While the CARS Rule is gone, its principles live on through the FTC’s existing Section 5 authority and, now, through Google’s own enforcement. The practical effect is the same: deceptive pricing will cost you either through FTC action or through losing your digital advertising channel.
Metrics That Indicate Problems
Monitor these signals to catch compliance issues before Google does:
- Feed Disapproval Rate: Track the percentage of your inventory listings that Google rejects. A spike above 5% indicates a systemic pricing issue.
- Impressions Drop: A sudden decline in Vehicle Ad impressions without a corresponding budget change may signal that Google is suppressing your listings.
- Click-to-VDP Bounce Rate: If users click your ad and immediately leave the VDP, the price discrepancy between the ad and the landing page is likely the cause.
- Merchant Center Diagnostics: Google provides a diagnostics tab showing feed errors, policy violations, and data quality issues. Review it weekly.

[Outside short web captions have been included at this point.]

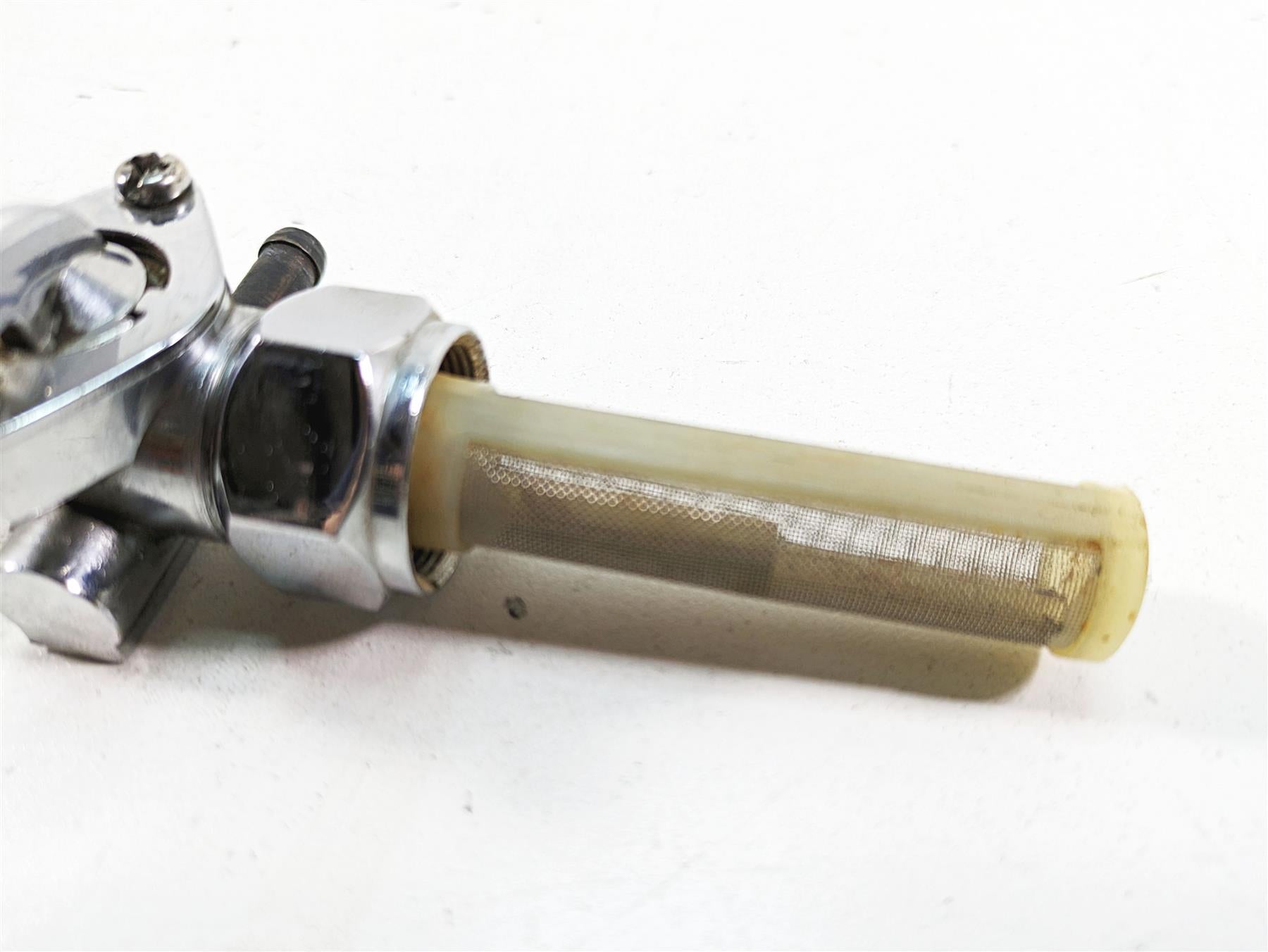 1990 Harley Sportster XLH883 XL883 Petcock Fuel Gas Petrol Valve 62169-81 {{ shop.shopifyCountryName }} - Mototech271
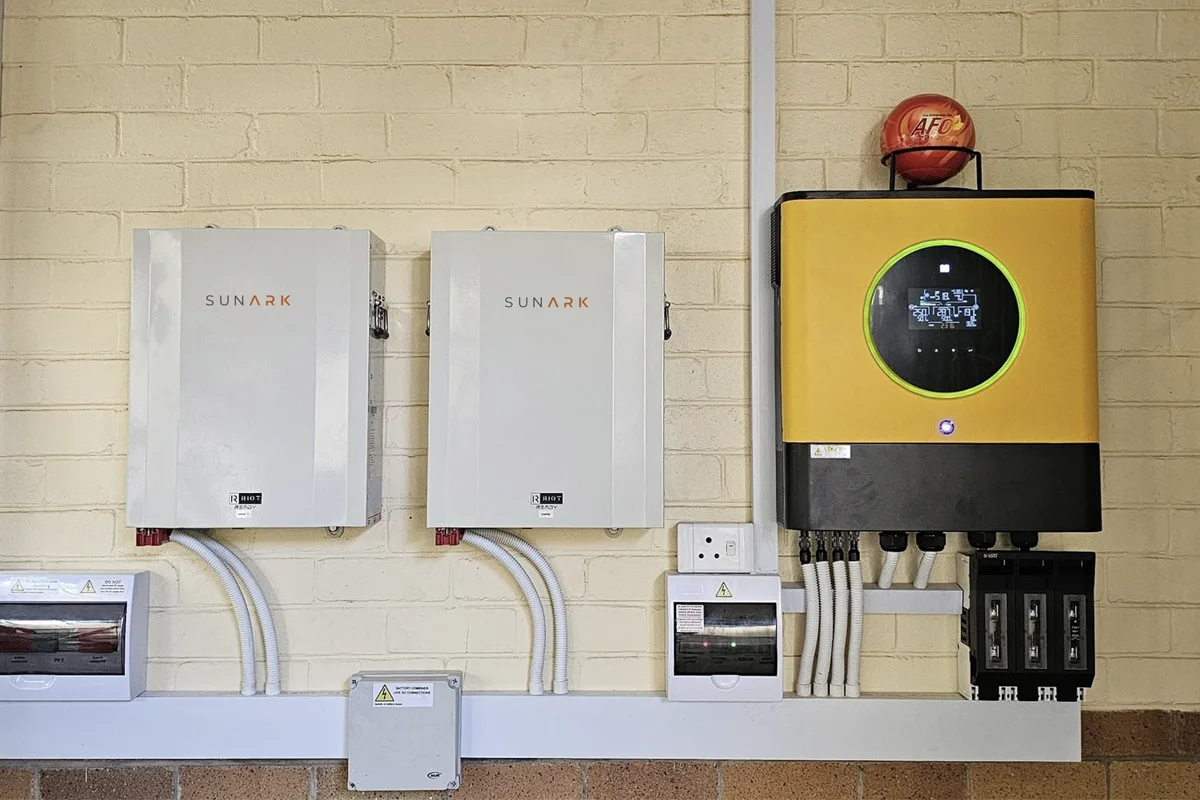 肯尼亚 2 × 5.12kWh 锂电池储能系统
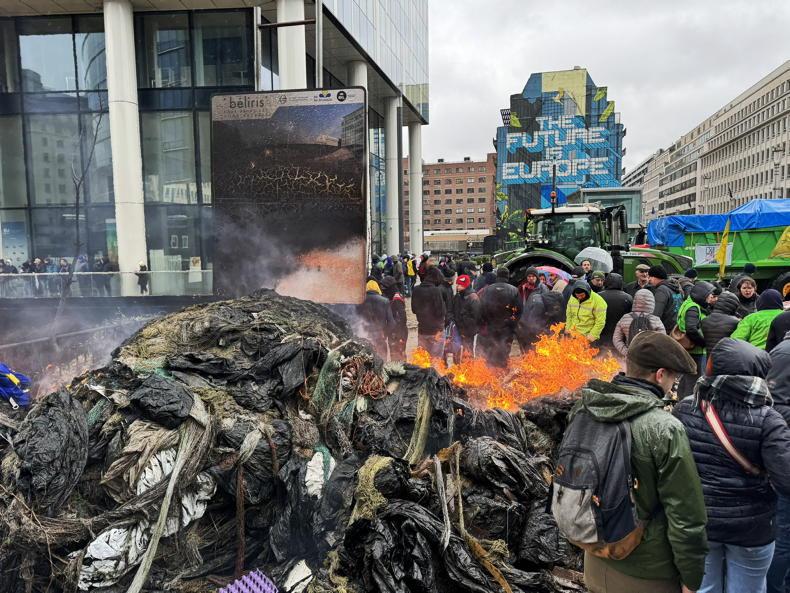 Farmers dump slurry and tyres at Brussels farmer protest Farmers dump slurry and tyres at Brussels farmer protest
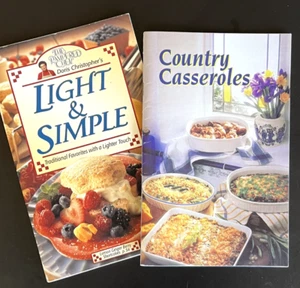 Light & Simple Doris Christopher's Cookbook Pampered Chef 97 + Country Casserole - Imagen 1 de 5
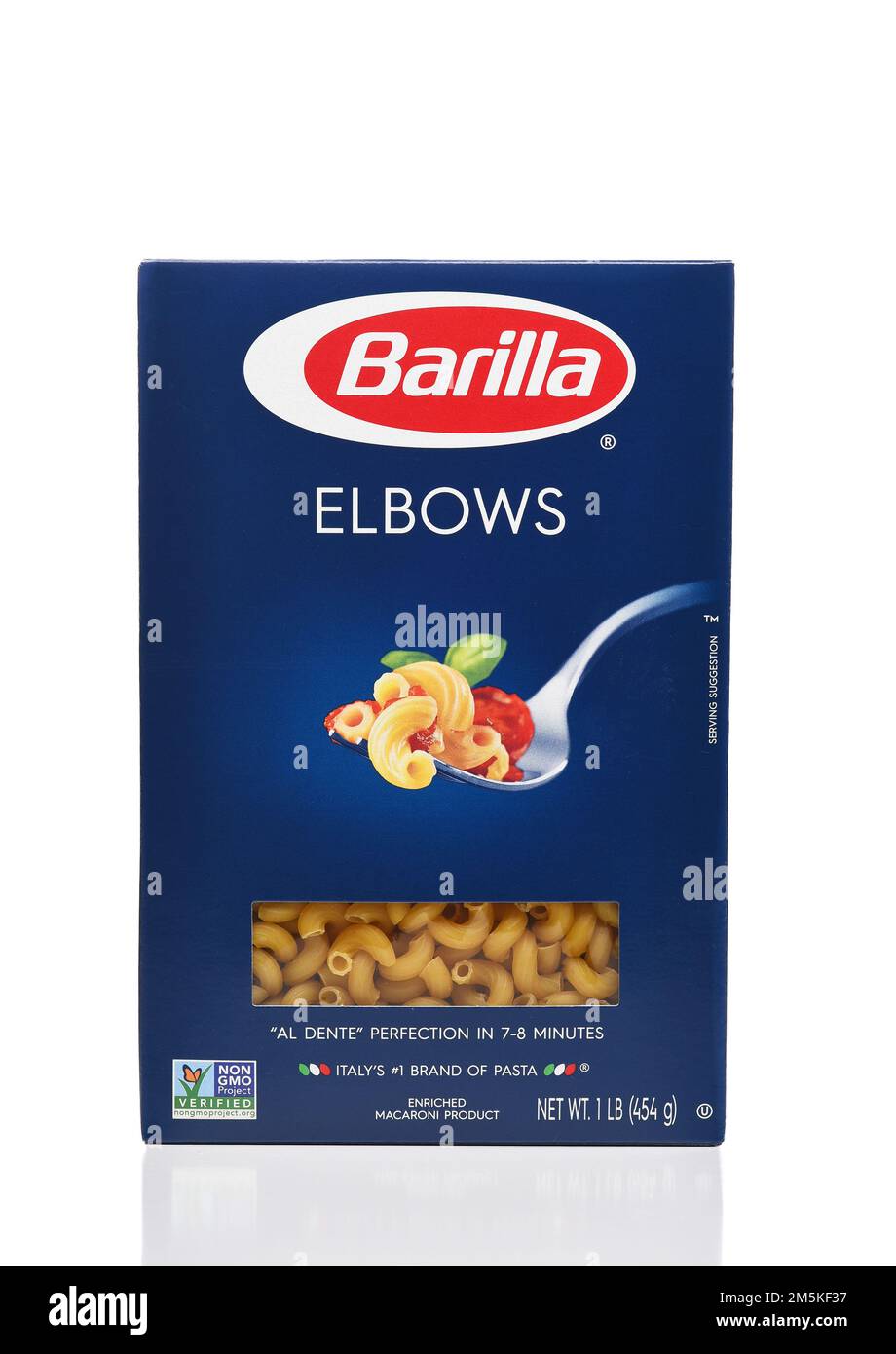 IRIVNE, CALIFORNIA - 23 DEC 2022: A box of Barilla Elbow Macaroni. Stock Photo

The Integration of Marketing and Compliance
This is where many dealerships fail: the marketing department and the compliance officer do not communicate. Your website inventory feed must be dynamically updated to reflect true pricing, and someone with compliance authority must sign off on the pricing logic in your feed configuration.
Clean up your data feeds now. The cost of a temporary dip in lead volume while you fix your pricing is nothing compared to an account suspension that takes your entire digital presence offline for weeks.